PC Party and Alberta Party members talk potential merger

Talk among members seeking stronger centrist party, but no official contact between the parties

Back in early 2015, the Alberta Party proposed to merge with the Alberta Liberals who rejected any discussion for collaboration.

JONATHAN HAYWARD / The Canadian Press

Back in early 2015, the Alberta Party proposed to merge with the Alberta Liberals who rejected any discussion for collaboration.

A new political party merger is percolating in Alberta and no, it’s not the ‘unite Alberta’ or ‘unite-the-right’ movement.

Members of both the PC Party and Alberta Party have said they wouldn’t be opposed to a merger, and according to the presidents of both parties, neither would they.

Katherine O’Neill, PC Party president said she started hearing about a possible merge with the Alberta Party once the PCs lost the provincial election.

“It wasn’t surprising there was part of our membership that said ‘if you’re going to do a merger, it should be with the centre,’ – the Alberta Party came out more than others,” said O’Neill.

Currently, O’Neill said the party is focused on the ongoing leadership race and although there have been conversations by members in certain ridings, a possible merger wouldn’t be a discussion focus until mid-2017. At that point, O’Neill said the PC Party will have a new leader and will be sending a signal about how they see themselves moving forward.

Alberta Party president Pat Cochrane said she’s heard talk of a merger among members of the Alberta Party, but added there’s been no official contact with the PC Party.

Cochrane also said that members of the Alberta Party and members of the Alberta Liberal Party still talk about their possible merge.
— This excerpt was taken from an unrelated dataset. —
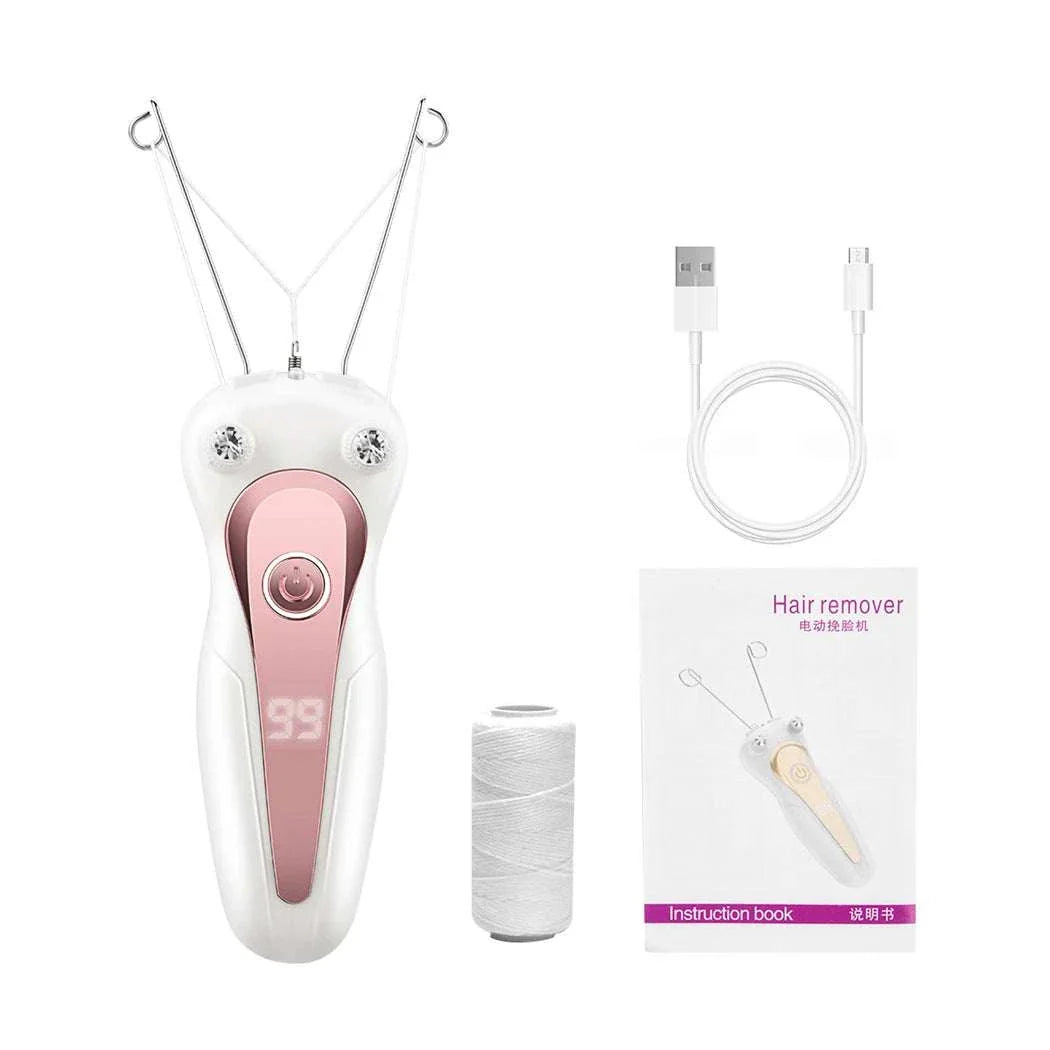 Electric body hair remover with rechargeable design, cotton thread epilation, USB charging cable, spool of thread, and instruction manual for gentle and effective hair removal.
In the past, the Alberta Party was open to merging with the Liberals, who rejected the proposal.

“If you’re a centrist, the political party label isn’t such an issue. It’s how do we make sure that we don’t have extremes take over the province (and) that we make sure that we are solidly in the centre in our decision making.” said Cochrane.

Lori Williams, political science professor at Mount Royal University said she understands there’s an appetite for an alternative centre party, and if the conservative party is in danger of losing their centrist position, then she can understand seeking alternative solutions.

“From the time that Donna Kennedy-Glans left the leadership race saying there needed to be a voice in the centre, I think people have been looking for what that voice might be,” said Williams.  

But Williams said if PC leadership candidate Jason Kenney wins, his plans to merge the PC’s and the Wildrose means there won’t be much traction for an Alberta Party merger.

“If (the PC’s) are thinking they want to explore a merger with the Alberta Party as an alternative to a merger with the Wildrose Party, that’s a discussion that has to be part of the leadership race - not something that happens after,” said Williams.